In this book, the author chooses not to demonstrate that adoption of The Ecological Thought will be successful in mitigating a global ecological crisis which he believes is already upon us: Rather, he assumes it to be self-evident that success will be the result. The majority of the book is spent in exploring the nature and interconnections of the Mesh. In particular, the author introduces a concept of “The Strange Stranger”, which he does not define but which emerges from his discussions as one or more aspects of The Mesh to which we are interconnected and that we may find disconcerting or frightening. Professor Morton appears to believe that it is very important that, as part of The Ecological Thought, we learn to accept (even love) these initially unwelcome Strange Strangers. Professor Morton also believes that The Ecological Thought will (or should) lead to new directions in scientific research (such as consciousness and suffering in animals and artificially intelligent systems), in the philosophy of ecology, which he believes must move from seeing a division between Nature and humanity to seeing the two as a holistic system within The Mesh, and ultimately in politics.
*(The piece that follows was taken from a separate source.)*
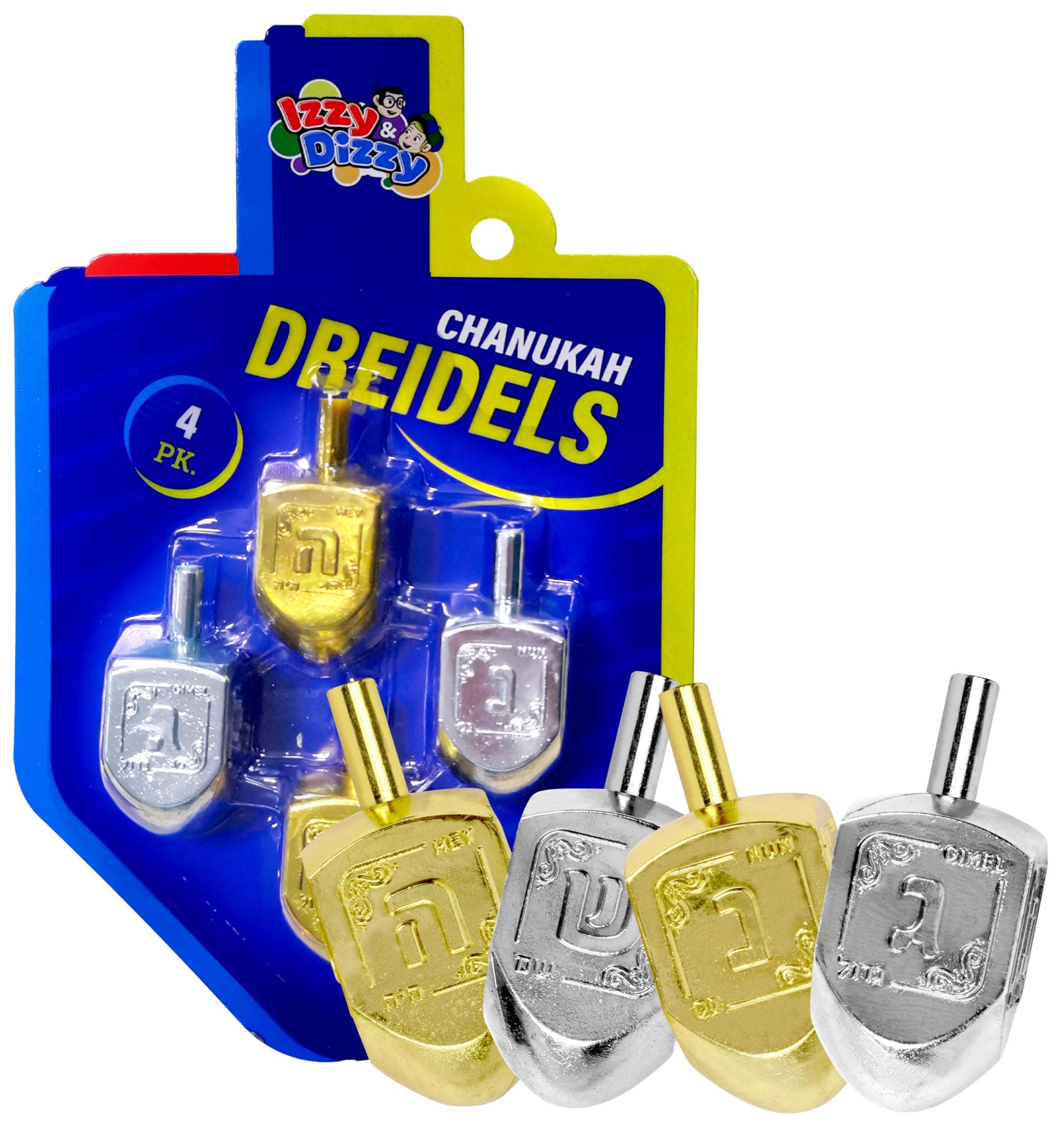 Hanukkah Dreidels - Metallic Gold And Silver Dreidel - 4 Pack Medium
The two paragraphs above are my summary of the book. What else is there? What have I left out? The most solid underpinnings are the passages, drawn from evolution, in which the author illustrates the connections between earthly life forms, including humans. He occasionally quotes from poets such as Shelley, Milton, and Coleridge: Their relevance is much less easy to see. He also spends considerable time in one-sided debates with other humanist writers, most of whom he disagrees with. This may be of interest if you are a professor of the humanities but it is too arcane for those of us who are not. There is little else. The author offers no reason to believe that, even if it is widely adopted, The Ecological Thought will result in the mitigation of ecological catastrophe. The book gives no detail of what The Ecological Thought will look like, very little idea of what policies or actions may emerge, and no glimpse of what an “Ecologically Thought” future will look like.
What, then, of the concept of The Ecological Thought itself, to the extent that any picture of it emerges from the book? The name is new but the realization of the interconnectedness of humans, other earthly life, and the planet itself has probably occurred to all those who have seriously studied evolution, and the earth sciences. In studying those disciplines together with cosmology, it is impossible not to also grasp the fragility and insignificance of planet Earth and its living cargo. However, for most of us, the realization has not been developed into an explicit attitude towards ecology. Nor does this book undertake that step.
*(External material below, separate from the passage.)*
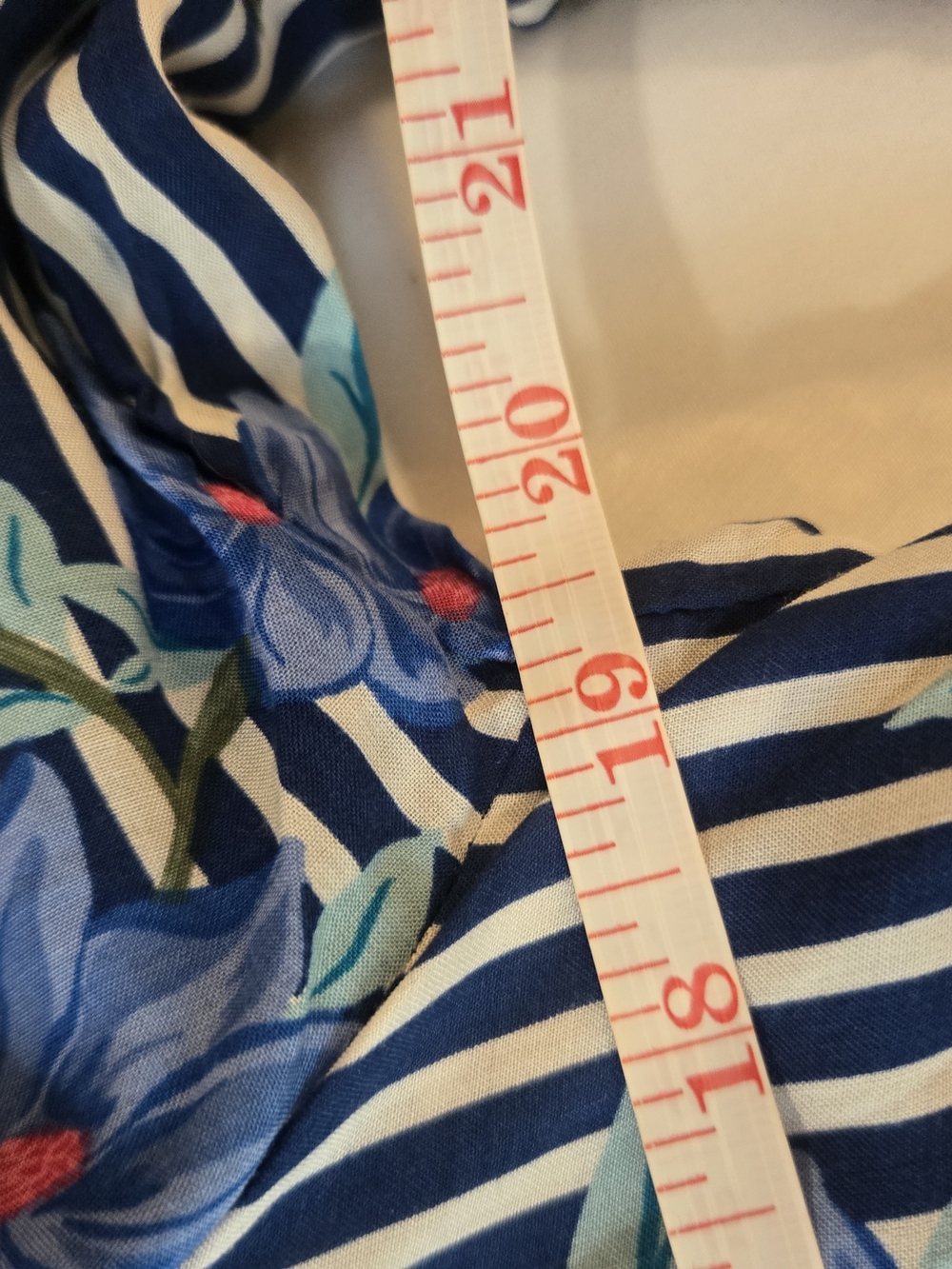 Draper James RSVP Navy & Cream Striped Floral Midi Dress S - Picture 8 of 12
The intended audience for the book is not clear. The author does say that he hopes that people who are not specialists in critical theory will read the book. If it is intended for non-specialists in the humanities in general, it would seem that the author has lost touch with the rest of the world. Certainly as a non-specialist, I found the book to be very difficult to read. The writing is incoherent: Key terms (The Ecological Thought, Strange Strangers) are used extensively but not defined; there is no close reasoning and careful argument; the style comes across as pretentious, self-indulgent intellectual exhibitionism. The result is that meaning is obscured. In much of the book the author seems to believe that, if he tosses a heap of words onto the page, meaning will spontaneously emerge. An example of the book’s style is the following passage: “Environmental rhetoric is too often strongly affirmative, extraverted, and masculine; it privileges speech over writing; and it simulates immediacy (feigning one-to-one correspondences between language and reality). It’s sunny, straightforward, ableist, holistic, hearty, and “healthy”. Where does this leave negativity, introversion, femininity, writing, mediation, ambiguity, darkness, irony, fragmentation, and sickness?”. The only reasonably lucid passages are those where Professor Morton is drawing on Darwin; apparently his feet are held to the ground by Darwin’s own admirably clear writing.
The global ecological crisis requires stronger treatment than intellectual froth.